Les langages dits interprétés sont réputés moins rapides que les compilés, moins à cause du potentiel d'optimisations plus globales (rarement exploité, d'après mes constatations) des langages compilés, qu'à cause du surcoût d'interprétation soit directement du code source, soit du code intermédiaire que certains langages dits interprétés génèrent, autant pour des raisons de portabilité que de compacité (comme c'est aussi le cas par exemple du "P-code" Pascal ou de la "machine virtuelle" Java). Cette réputation est controversée (tout comme les programmes de test choisis pour comparer les performances), en particulier depuis l'introduction des techniques de compilation "à la volée" qui génèrent du code machine proche de celui des langages dits compilés, à partir du code source (cf par exemple FreeForth du même auteur) ou intermédiaire (cf compilateurs "Just-In-Time" de Smalltalk et Java), lors de son chargement depuis la mémoire lente de stockage non volatile (disque ou ROM ou flash) vers la memoire rapide d'exécution (RAM).

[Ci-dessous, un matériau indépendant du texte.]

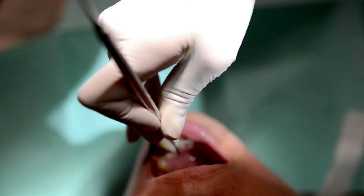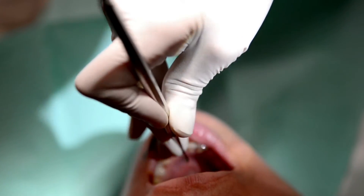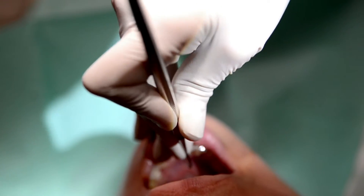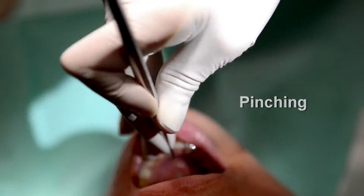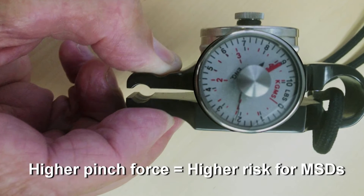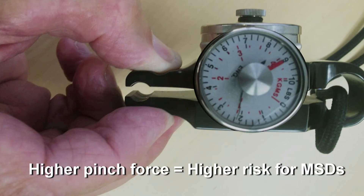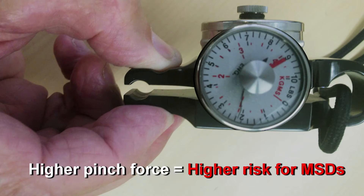Experts agree that the most important factor for getting a musculoskeletal disorder, or MSD, is how hard we pinch our instruments when doing periodontal work. What is called pinch force is the pressure we apply to dental tools when gripping them with our fingertips. Pinch forces are very high when scaling hard-to-remove calculus.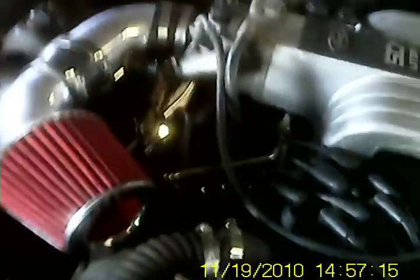Running good. It's running a little rich because I don't have the O2 sensor hooked up yet.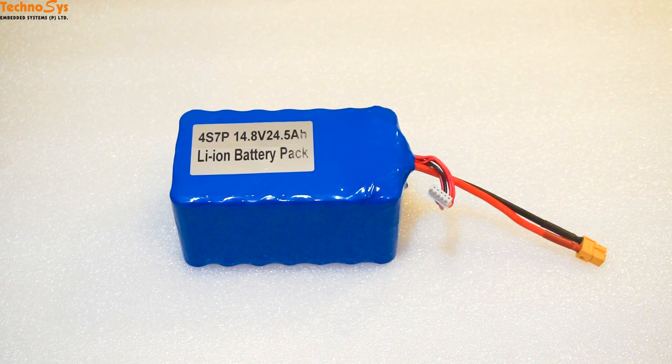Hi friends, I'm Dhruv Varoda. Thanks for tuning in. Today I'll talk about 18650 lithium-ion battery packs.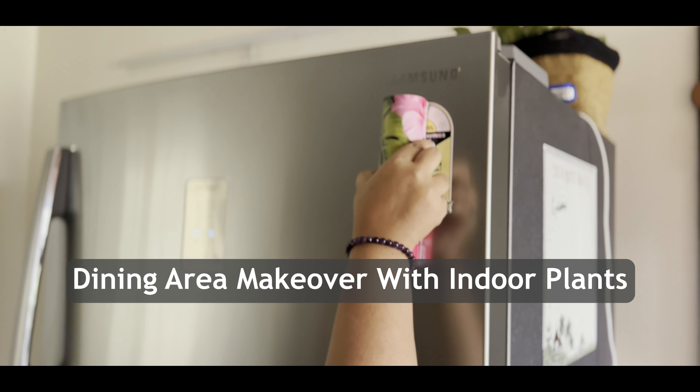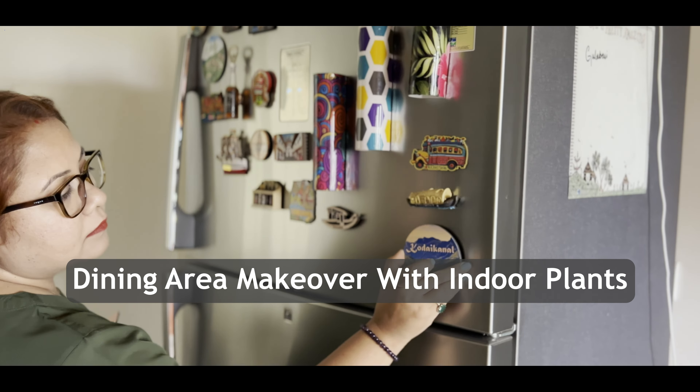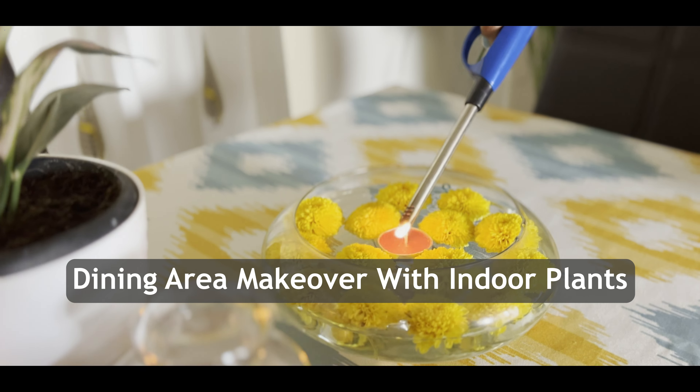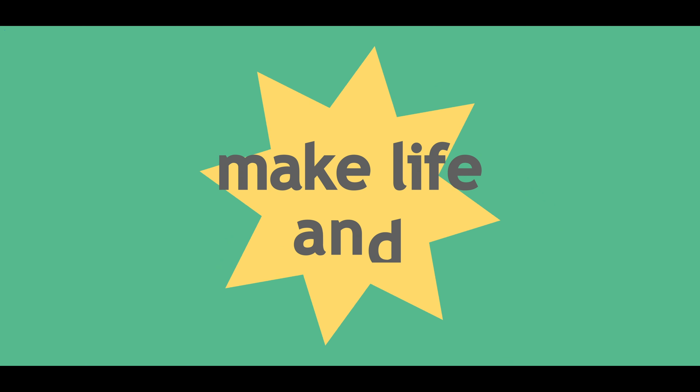Hello everyone, this is Deepsikha and welcome to my channel The Blissful Diary. Here I talk about my plants and my home. In today's video, I will be sharing with you how easily I have transformed my dining area into a green comfortable corner, which is apt for any rented apartment.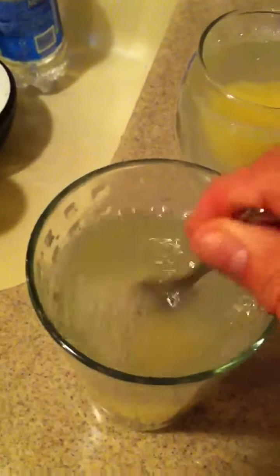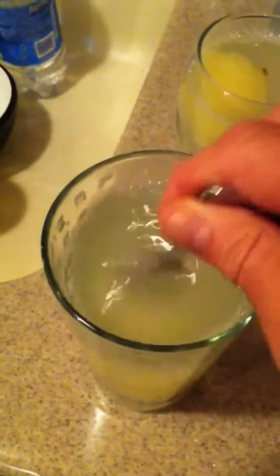Mix it up a little bit, and let it dissolve, and that's it.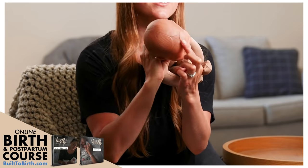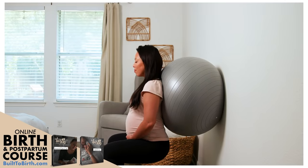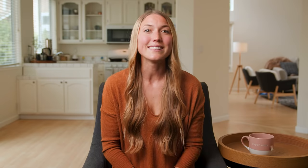Before I give you your last tool — if you've loved these tools so far, you're going to love the built-to-birth course, which I've linked in the description below. It gives you the foundational tools and building blocks for the happier, healthier, and easier birth and postpartum period that you deserve. And if you're not ready for the full course, I have a free mini course for you too, also linked in the description.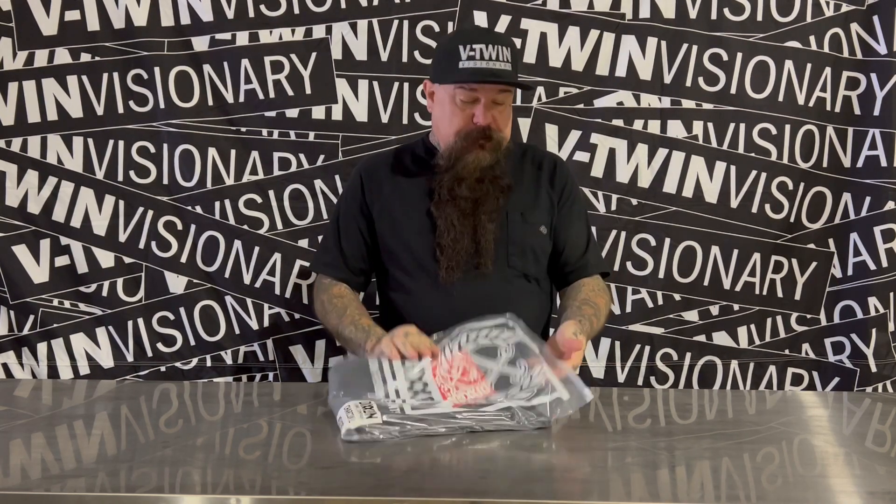It's Jeff G. Holt of V2M Visionary, and I'm here today with something new from Dixon Flannel Company — Chino pants. These things are all new.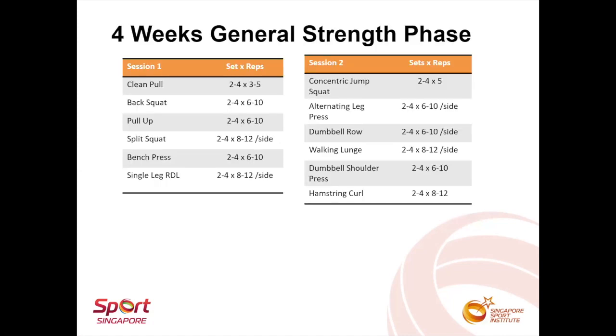I started him off with a four-week block of higher volume general strength phase to make sure that all lifting techniques were sound. Loading wise, I used one repetition in reserve for the first session and three repetitions in reserve for the second session.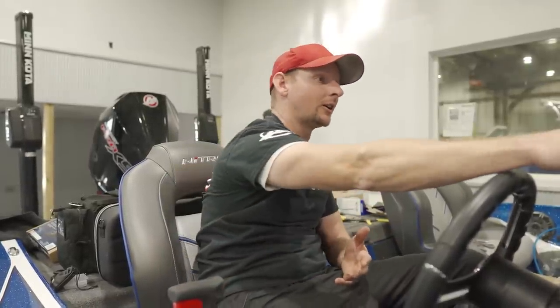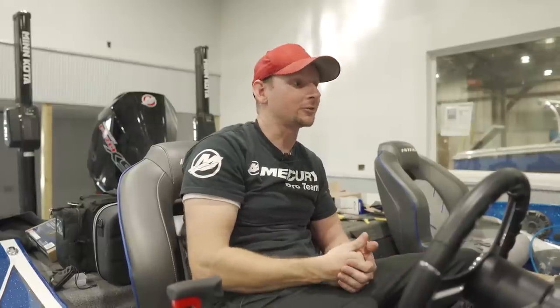One thing I want to comment on is the power-up is a little slower than other HDS units or Carbon units have been in the past. It's something we've had to get used to here with these new Live units — they do take a little while to power up, and also in turn power down as well.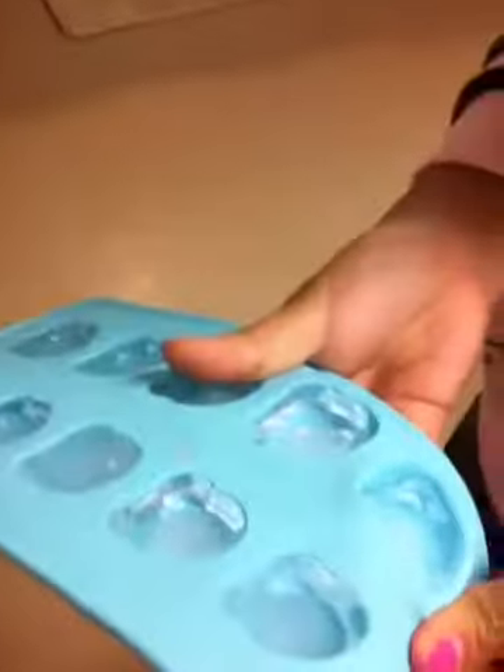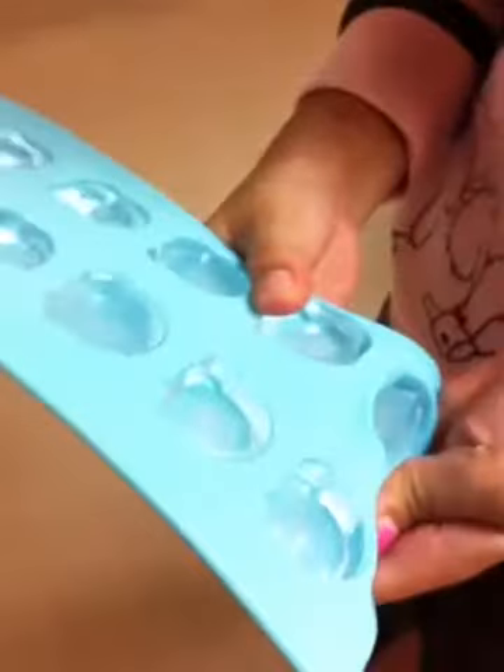First, what you will need is a mold to put your little treats in. I just have this one — it's filled with ice — so I'll take out the ice cubes to use it, and I'm going to eat one.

Compilateurs comme interpréteurs ont pour principale tâche de traduire les noms/symboles choisis par le développeur en adresses mémoire fixes (dans le cas des variables globales ou des destinations d'instructions de saut) ou relatives (à un pointeur de pile, dans le cas de variables locales, ou à une adresse de base, dans le cas de champs de structures de données).
Les langages compilés accomplissent cette tâche en plusieurs "passes" : analyse syntaxique et grammaticale du source traduit en un arbre, simplifié par réduction des expressions constantes et factorisation des sous-expressions communes, allocation des registres, assemblage de sections séquentielles de code machine et de données, résolution des adresses des instructions de saut et des variables, et génération finale d'un fichier chargeable en mémoire vive pour exécution.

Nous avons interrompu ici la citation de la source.